Aos poucos, com o dinheiro das mesadas e as trocas que
fazia, fui aperfeiçoando meu carrinho. Consegui comprar um controlador de
verdade e finalmente subi de nível: passei a usar a pista média, a minha
favorita. Ainda assim, meu motor não chegava nem perto do desempenho dos
importados. Foi então que decidi melhorar o “induzido” do motor, tentando
reenrolá-lo. Esse tipo de motor modificado era conhecido como “motor enrolado”.

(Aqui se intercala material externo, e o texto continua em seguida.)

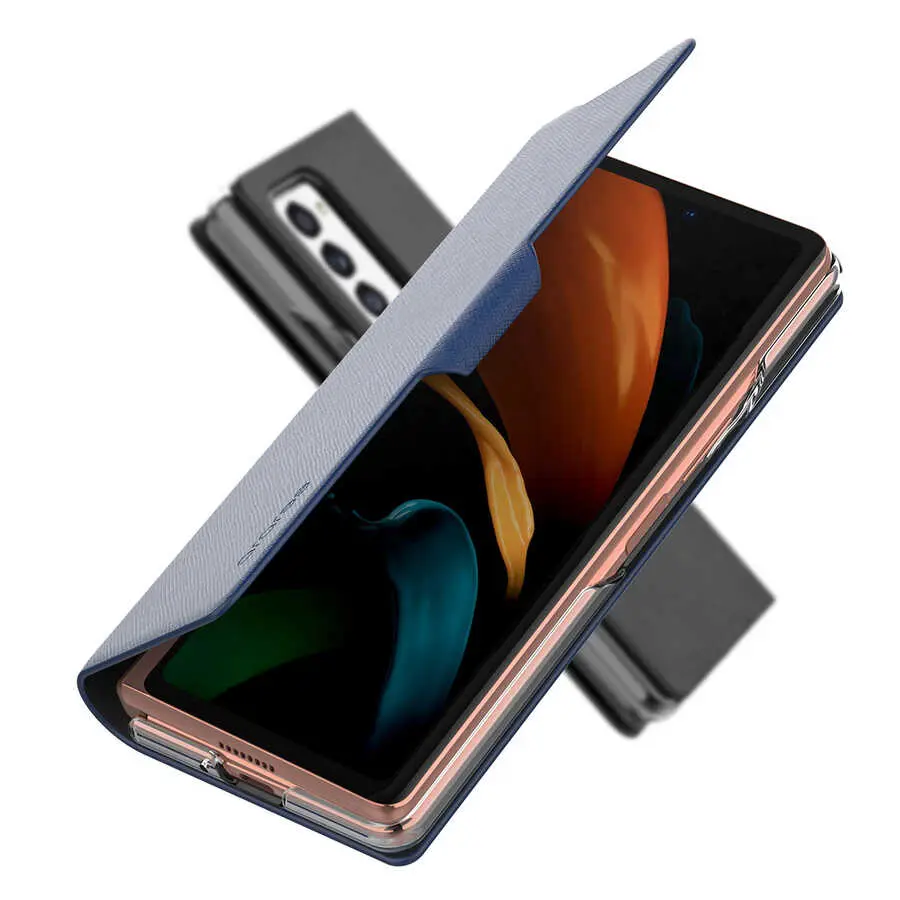 Galaxy Z Fold 2 Kapaklı Standlı Kılıf - Araree Bonnet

Observando os diversos motores que passavam pelas mãos do Seu Chico – sempre requisitado no balcão técnico da loja, resolvi tentar enrolar meu motor por conta própria. Muitos modelistas já faziam esse trabalho profissionalmente, mas pagar pelo serviço estava fora do meu alcance. Minha única opção era aprender a faze-lo sozinho. Passei vários finais de semana enrolando e desenrolando o motor com fios novos, num processo de tentativa e erro.
A cada modificação, precisava testar o resultado na pista, o
que me fazia ir e voltar inúmeras vezes entre minha casa e a Hobbies Modelo.
Com o tempo, fui aprendendo e, no final, meu carrinho se
tornou bastante competitivo. Ele começou a chamar atenção e até me rendeu algum
dinheiro com serviços de melhoria nos motores de outros modelistas.
Cheguei a montar meu próprio chassi, já em latão e a
carroceria original da Estrela passou a ser uma carroceria leve e flexível chamada
de bolha.
Imagem da internet
Hoje os controladores são totalmente eletrônicos, computadorizados e programáveis, promovendo o máximo desempenho para os motores modernos.
Depois de muito tempo, terminei trocando o carrinho, e acessórios, por uma bicicleta. Mas isso é outra velha história.